2011 Latest Caselaw 4775 Del

Citation : 2011 Latest Caselaw 4775 Del
Judgement Date : 26 September, 2011

Delhi High Court
Ms.Kiran Chawla & Ors. vs Uoi & Anr. on 26 September, 2011
Author: Anil Kumar
*                IN THE HIGH COURT OF DELHI AT NEW DELHI


+          Review Petition No. 545/2011 & CM Nos.16262-63/2011
                                     in

                               WP(C) Nos.17473-78/2006


%                            Date of Decision: 26.09.2011

Ms. Kiran Chawla & Ors.                                      .... Petitioners

                         Through Mr. Manu Mridul and Mr. Anant K.
                                 Vatsya, Advocates


                                         Versus

UOI & Anr.                                                  .... Respondents

                         Through Mr. H.K. Gangwani,          Advocate      for
                                 respondent No. 1

                                        Ms. Sweety Manchanda,   CGSC       for
                                        respondent No. 2


CORAM:
HON'BLE MR. JUSTICE ANIL KUMAR
HON'BLE MR. JUSTICE SUDERSHAN KUMAR MISRA

1.       Whether reporters of Local papers may               YES
         be allowed to see the judgment?
2.       To be referred to the reporter or not?               NO
3.       Whether the judgment should be                       NO
         reported in the Digest?

ANIL KUMAR, J.

*

CM No. 16263/2011

This is an application seeking condonation of 105 days of delay in

filing the review application.

The applicants have contended that against the order dated 2nd

May, 2011, the petitioner had filed a special leave petition by diary No.

25359/2011. After filing the special leave petition, the

petitioners/applicants were advised to file a Review Petition before this

Hon‟ble Court and this led to a delay of 105 days.
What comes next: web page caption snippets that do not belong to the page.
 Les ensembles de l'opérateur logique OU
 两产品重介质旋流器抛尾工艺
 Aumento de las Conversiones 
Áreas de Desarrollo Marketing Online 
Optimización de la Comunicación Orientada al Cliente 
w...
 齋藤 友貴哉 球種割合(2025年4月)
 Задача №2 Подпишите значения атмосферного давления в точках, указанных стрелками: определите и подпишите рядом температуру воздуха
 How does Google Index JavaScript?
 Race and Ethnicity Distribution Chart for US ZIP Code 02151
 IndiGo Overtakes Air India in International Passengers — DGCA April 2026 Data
Apparently, the application lacks any material particulars as no

particulars have been given as to when the Special Leave Petition was

filed by diary No. 25359/2011; when the petitioner felt it wise to file the

review petition; and when was the advice given as well as other

particulars. The application has been filed in a very casual manner

without disclosing any cogent grounds which would make out a

sufficient cause for condonation of delay.

From the averments made in the application seeking condonation

of delay of 105 days, which lacks in material particulars, the

petitioners/applicants have failed to make out a sufficient cause for

condoning the delay in filing the review application.
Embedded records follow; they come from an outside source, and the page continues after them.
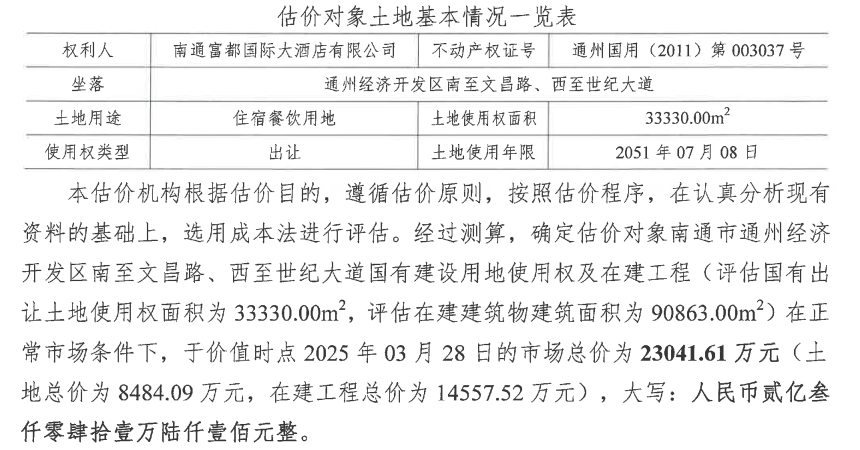 停工超10年！南通一地标项目迎来转机？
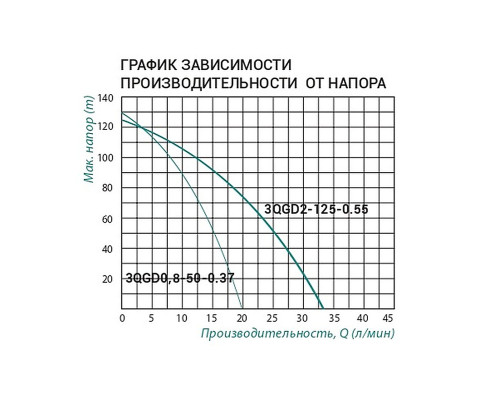 Насос заглибний шнековий Taifu 3QGD 2-125 0,55 кВт
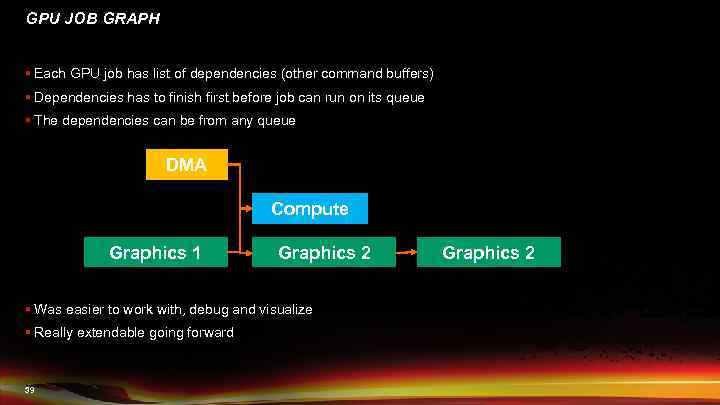 GPU JOB GRAPH § Each GPU job has list of dependencies (other command buffers)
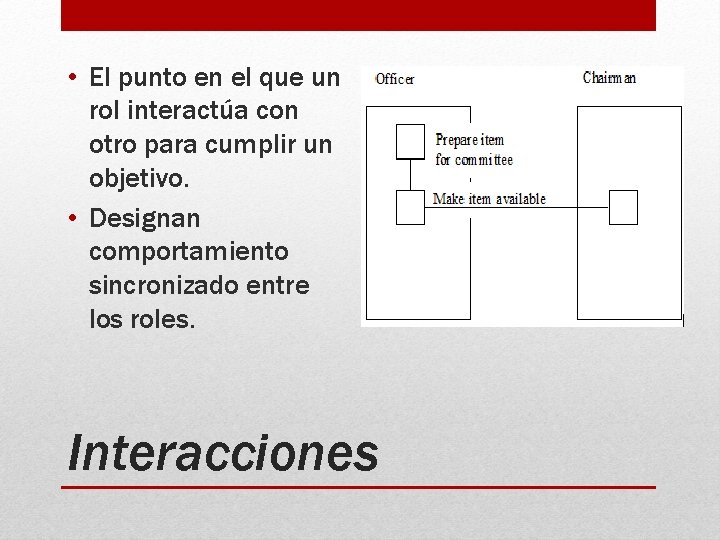  • El punto en el que un rol interactúa con otro para cumplir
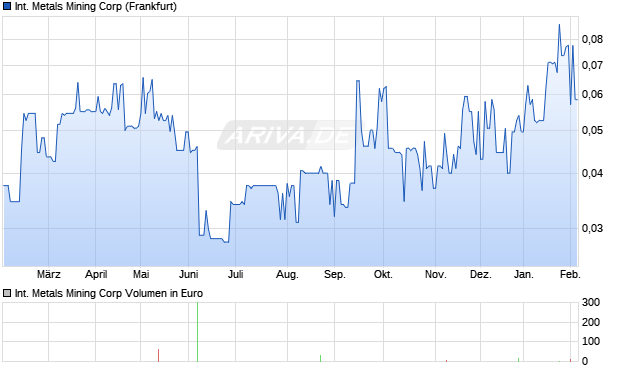 International Metals Mining Aktie Chart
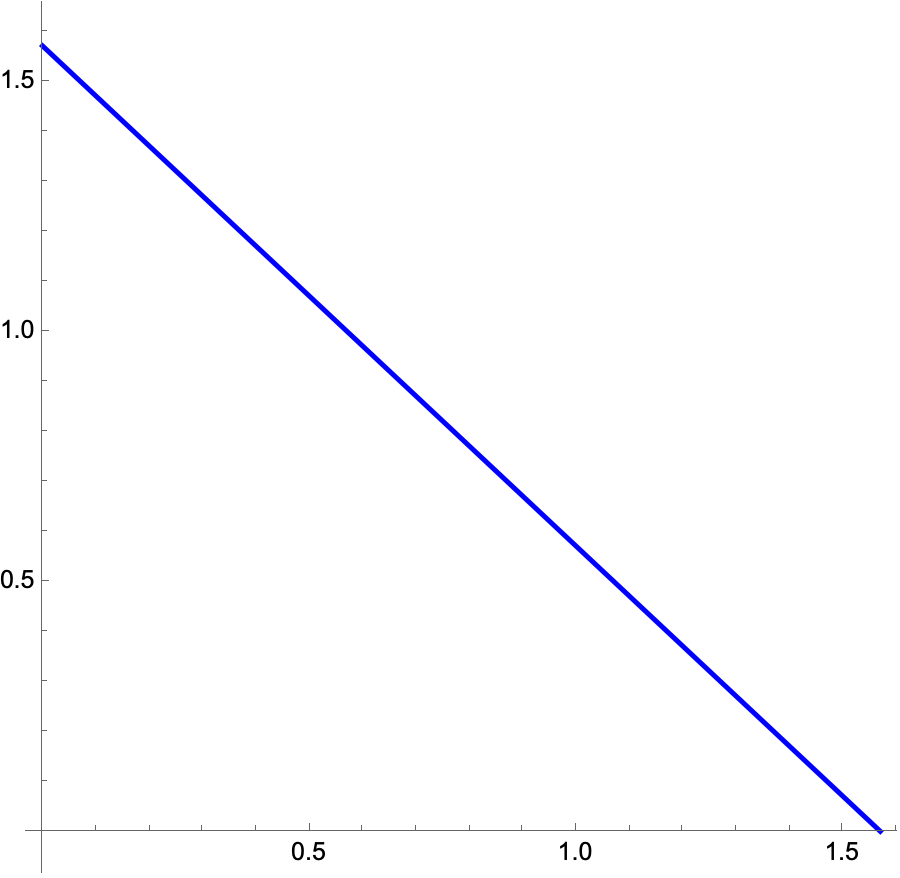 Simplifying trig expressions All this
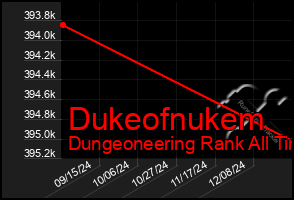 Total Graph of Dukeofnukem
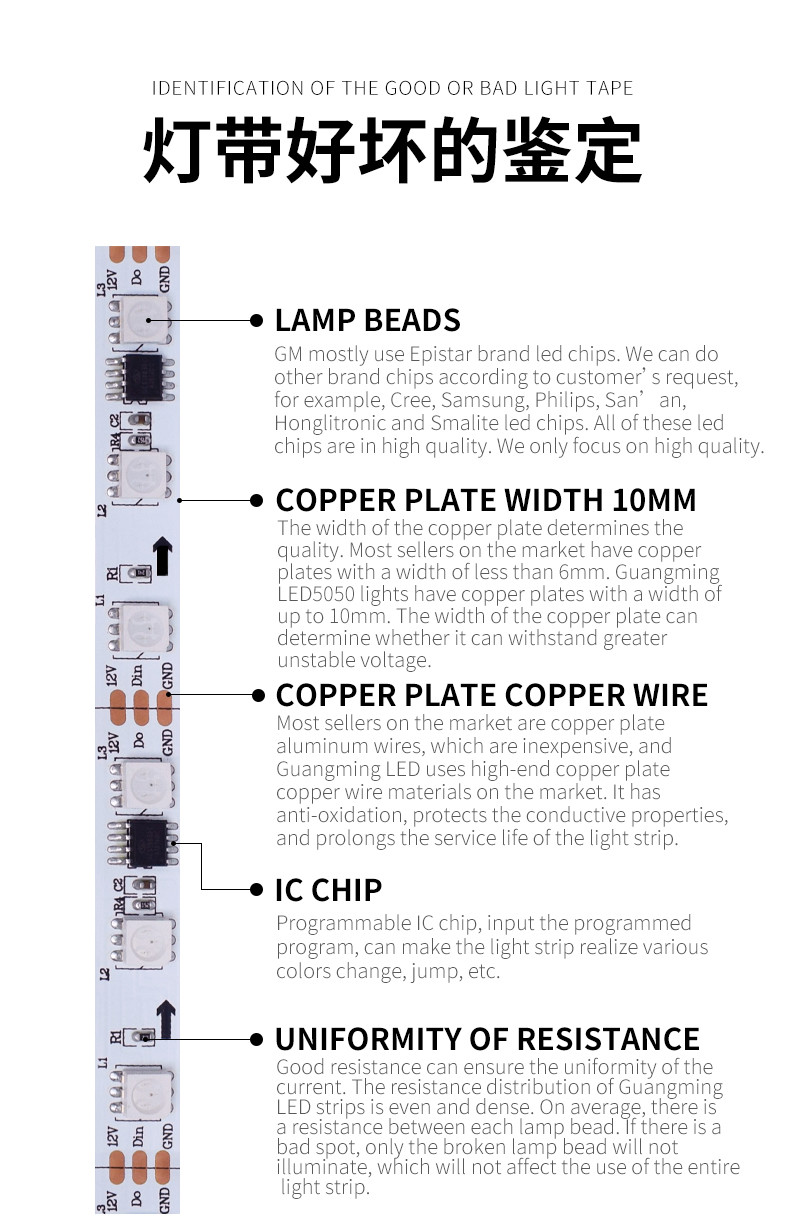 RGB Copper IP20 5M SMD 5050 LED Strip Light 10MM PCB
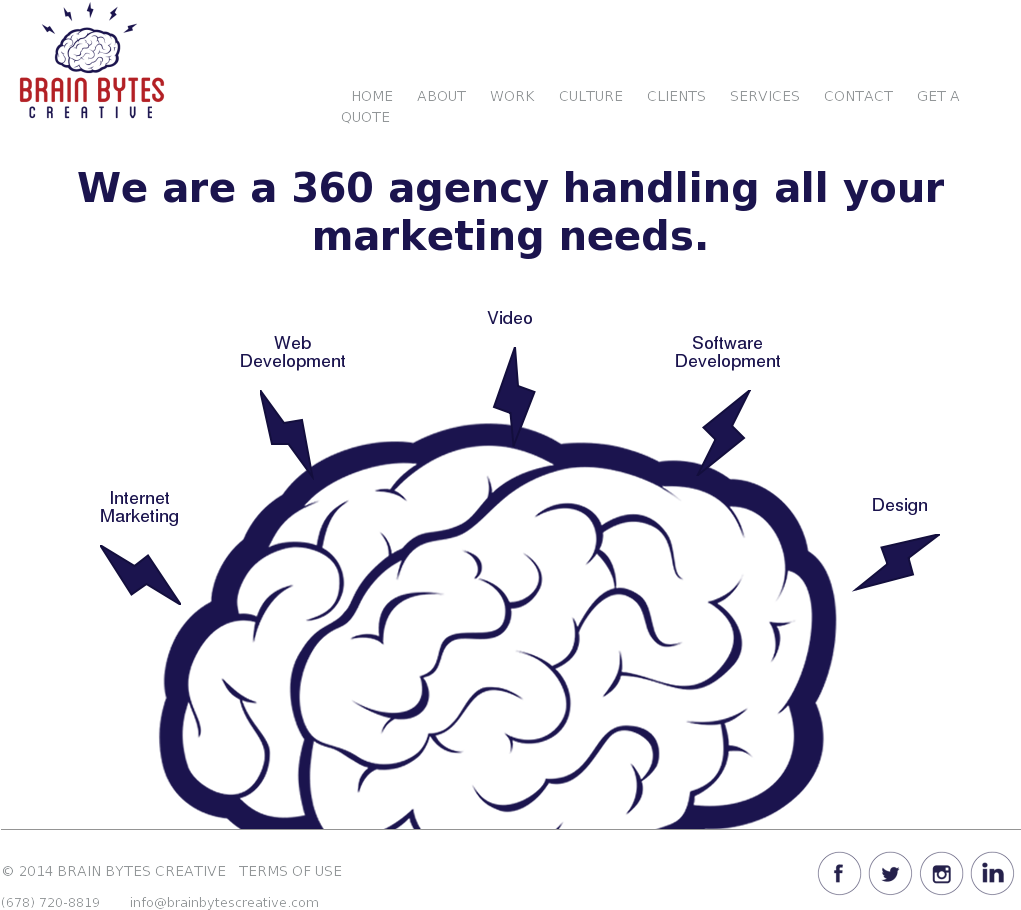 Brain Bytes Creative Competitors, Revenue And Employees - Cartoon Brain With Light Bulb (1024x957), Png Download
The learned counsel for the petitioners/applicants has failed to

show that the averments made will constitute sufficient cause and that

the applicants are entitled for condonation of delay of 105 days in filing

the review application in the present facts and circumstances and in

law. Therefore, the application for condonation of delay is without any

merit and thereby it is dismissed.

Review Application No. 545/2011 and CM No. 16262/2011

The application of the petitioners/applicants seeking condonation

of 105 days‟ delay in filing the review application has been dismissed,

however, the merits of the review application are also considered by this

Court after hearing the counsel for the applicants.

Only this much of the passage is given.